━━━━━ RECORDS FOR THIS TASK
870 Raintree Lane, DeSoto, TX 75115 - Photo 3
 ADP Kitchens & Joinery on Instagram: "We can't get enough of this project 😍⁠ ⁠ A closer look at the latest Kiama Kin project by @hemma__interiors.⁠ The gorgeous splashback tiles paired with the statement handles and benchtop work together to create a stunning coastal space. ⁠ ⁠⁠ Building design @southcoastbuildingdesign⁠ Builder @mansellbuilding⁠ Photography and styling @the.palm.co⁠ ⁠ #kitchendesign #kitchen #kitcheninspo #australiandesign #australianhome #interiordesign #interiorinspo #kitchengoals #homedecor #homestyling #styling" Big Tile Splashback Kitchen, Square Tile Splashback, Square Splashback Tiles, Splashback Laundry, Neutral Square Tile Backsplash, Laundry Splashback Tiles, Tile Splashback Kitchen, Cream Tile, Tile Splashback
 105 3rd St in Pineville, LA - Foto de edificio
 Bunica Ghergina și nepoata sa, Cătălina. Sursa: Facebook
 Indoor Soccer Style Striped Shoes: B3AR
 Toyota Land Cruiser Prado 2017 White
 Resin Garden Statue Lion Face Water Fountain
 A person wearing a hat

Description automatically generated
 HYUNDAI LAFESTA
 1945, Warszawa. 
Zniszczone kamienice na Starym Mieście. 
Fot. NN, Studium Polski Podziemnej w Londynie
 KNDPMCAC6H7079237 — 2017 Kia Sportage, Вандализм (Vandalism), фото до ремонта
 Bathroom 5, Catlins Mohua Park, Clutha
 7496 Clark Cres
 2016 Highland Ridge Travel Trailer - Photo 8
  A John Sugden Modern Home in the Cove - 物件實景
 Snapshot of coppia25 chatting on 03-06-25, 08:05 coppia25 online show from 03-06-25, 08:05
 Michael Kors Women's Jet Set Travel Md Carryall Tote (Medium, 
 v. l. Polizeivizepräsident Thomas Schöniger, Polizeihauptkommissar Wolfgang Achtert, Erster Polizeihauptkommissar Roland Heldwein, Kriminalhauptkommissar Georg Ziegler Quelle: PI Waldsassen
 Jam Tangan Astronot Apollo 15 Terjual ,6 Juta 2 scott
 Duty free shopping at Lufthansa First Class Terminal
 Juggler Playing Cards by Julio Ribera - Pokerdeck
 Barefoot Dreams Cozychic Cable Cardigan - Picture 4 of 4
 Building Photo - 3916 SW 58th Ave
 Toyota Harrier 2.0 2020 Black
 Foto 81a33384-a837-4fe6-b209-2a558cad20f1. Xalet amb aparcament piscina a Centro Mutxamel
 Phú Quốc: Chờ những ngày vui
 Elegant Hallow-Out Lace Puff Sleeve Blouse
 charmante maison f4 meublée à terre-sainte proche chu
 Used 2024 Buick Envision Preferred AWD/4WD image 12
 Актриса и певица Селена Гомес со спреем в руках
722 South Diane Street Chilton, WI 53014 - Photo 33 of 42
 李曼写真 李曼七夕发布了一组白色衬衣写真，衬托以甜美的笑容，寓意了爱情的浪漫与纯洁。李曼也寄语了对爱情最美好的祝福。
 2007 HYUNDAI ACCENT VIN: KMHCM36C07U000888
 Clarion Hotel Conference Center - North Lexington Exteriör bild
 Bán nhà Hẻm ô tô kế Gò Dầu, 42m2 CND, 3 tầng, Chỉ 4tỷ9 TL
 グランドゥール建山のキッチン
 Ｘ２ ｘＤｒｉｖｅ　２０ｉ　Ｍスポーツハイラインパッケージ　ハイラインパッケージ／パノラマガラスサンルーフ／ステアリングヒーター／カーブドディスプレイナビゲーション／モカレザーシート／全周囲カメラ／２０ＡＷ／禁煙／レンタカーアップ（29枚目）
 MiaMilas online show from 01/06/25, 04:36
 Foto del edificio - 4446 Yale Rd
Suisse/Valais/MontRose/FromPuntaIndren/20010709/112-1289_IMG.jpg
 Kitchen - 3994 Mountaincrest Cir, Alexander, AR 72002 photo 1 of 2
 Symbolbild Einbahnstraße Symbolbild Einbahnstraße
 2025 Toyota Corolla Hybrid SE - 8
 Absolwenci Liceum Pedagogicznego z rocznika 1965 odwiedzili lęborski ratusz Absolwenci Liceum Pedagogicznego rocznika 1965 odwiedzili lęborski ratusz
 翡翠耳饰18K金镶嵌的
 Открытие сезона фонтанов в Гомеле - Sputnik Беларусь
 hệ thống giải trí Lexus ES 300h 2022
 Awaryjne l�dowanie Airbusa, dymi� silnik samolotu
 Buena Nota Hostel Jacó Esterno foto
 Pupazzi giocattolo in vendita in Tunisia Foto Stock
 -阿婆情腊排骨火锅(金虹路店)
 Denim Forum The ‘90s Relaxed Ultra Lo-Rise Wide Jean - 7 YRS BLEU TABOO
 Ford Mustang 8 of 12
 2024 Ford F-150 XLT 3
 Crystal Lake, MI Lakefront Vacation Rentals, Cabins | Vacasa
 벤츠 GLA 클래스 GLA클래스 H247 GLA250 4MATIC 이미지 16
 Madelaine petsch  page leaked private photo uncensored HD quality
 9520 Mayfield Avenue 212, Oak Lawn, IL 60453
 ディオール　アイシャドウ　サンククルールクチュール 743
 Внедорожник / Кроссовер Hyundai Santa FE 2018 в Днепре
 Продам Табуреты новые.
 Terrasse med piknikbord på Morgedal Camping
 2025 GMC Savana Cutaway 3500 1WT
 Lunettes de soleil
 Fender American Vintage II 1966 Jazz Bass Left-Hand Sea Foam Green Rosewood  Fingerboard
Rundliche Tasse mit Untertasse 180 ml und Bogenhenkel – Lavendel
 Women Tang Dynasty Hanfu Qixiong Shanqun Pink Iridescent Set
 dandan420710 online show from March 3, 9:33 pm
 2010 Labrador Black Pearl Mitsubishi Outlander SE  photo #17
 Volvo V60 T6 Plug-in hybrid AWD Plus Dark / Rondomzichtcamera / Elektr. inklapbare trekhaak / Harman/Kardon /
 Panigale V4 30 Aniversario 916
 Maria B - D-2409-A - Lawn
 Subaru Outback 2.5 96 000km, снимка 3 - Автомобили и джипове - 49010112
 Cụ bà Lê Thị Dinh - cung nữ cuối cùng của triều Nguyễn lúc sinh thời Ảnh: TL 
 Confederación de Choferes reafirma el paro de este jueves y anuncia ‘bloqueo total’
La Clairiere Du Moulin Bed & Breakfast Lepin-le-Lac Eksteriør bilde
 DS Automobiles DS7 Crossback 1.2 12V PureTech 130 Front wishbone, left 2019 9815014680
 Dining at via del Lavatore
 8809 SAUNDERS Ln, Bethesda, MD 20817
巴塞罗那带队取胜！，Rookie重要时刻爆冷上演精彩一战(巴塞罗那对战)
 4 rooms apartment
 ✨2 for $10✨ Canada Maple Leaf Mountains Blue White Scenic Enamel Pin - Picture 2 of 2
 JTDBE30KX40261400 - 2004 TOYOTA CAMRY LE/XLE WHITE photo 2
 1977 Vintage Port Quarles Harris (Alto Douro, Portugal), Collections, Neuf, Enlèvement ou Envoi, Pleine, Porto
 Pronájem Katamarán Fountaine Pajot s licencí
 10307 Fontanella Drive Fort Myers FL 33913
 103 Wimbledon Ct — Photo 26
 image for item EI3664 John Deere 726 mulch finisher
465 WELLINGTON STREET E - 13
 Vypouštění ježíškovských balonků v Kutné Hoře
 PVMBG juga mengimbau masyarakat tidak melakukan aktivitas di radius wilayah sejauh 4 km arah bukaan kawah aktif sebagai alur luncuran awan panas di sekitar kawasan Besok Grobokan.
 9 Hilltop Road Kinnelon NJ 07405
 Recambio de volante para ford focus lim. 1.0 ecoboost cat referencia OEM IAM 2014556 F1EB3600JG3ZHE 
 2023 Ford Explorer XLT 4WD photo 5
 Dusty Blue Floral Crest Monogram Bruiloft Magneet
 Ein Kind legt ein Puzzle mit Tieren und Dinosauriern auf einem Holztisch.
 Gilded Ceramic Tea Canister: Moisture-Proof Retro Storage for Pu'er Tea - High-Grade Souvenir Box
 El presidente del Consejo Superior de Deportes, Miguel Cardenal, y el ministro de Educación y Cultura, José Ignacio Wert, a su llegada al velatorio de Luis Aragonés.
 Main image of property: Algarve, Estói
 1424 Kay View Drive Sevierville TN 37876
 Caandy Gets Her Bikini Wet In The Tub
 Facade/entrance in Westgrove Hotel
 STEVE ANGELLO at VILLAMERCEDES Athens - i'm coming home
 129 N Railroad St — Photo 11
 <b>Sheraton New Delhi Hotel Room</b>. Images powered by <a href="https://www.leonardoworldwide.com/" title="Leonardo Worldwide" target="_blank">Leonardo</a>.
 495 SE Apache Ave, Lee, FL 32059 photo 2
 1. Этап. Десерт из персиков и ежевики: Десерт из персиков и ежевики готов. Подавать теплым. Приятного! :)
━━━━━━━━━━
In the listing above, find the line with "Kitchen - 3994" and the line with "ディオール　アイシャドウ　サンククルールクチュール 743". Output those two lines and every line between them, exactly as written.

* RESPONSE BOX:
 Kitchen - 3994 Mountaincrest Cir, Alexander, AR 72002 photo 1 of 2
 Symbolbild Einbahnstraße Symbolbild Einbahnstraße
 2025 Toyota Corolla Hybrid SE - 8
 Absolwenci Liceum Pedagogicznego z rocznika 1965 odwiedzili lęborski ratusz Absolwenci Liceum Pedagogicznego rocznika 1965 odwiedzili lęborski ratusz
 翡翠耳饰18K金镶嵌的
 Открытие сезона фонтанов в Гомеле - Sputnik Беларусь
 hệ thống giải trí Lexus ES 300h 2022
 Awaryjne l�dowanie Airbusa, dymi� silnik samolotu
 Buena Nota Hostel Jacó Esterno foto
 Pupazzi giocattolo in vendita in Tunisia Foto Stock
 -阿婆情腊排骨火锅(金虹路店)
 Denim Forum The ‘90s Relaxed Ultra Lo-Rise Wide Jean - 7 YRS BLEU TABOO
 Ford Mustang 8 of 12
 2024 Ford F-150 XLT 3
 Crystal Lake, MI Lakefront Vacation Rentals, Cabins | Vacasa
 벤츠 GLA 클래스 GLA클래스 H247 GLA250 4MATIC 이미지 16
 Madelaine petsch  page leaked private photo uncensored HD quality
 9520 Mayfield Avenue 212, Oak Lawn, IL 60453
 ディオール　アイシャドウ　サンククルールクチュール 743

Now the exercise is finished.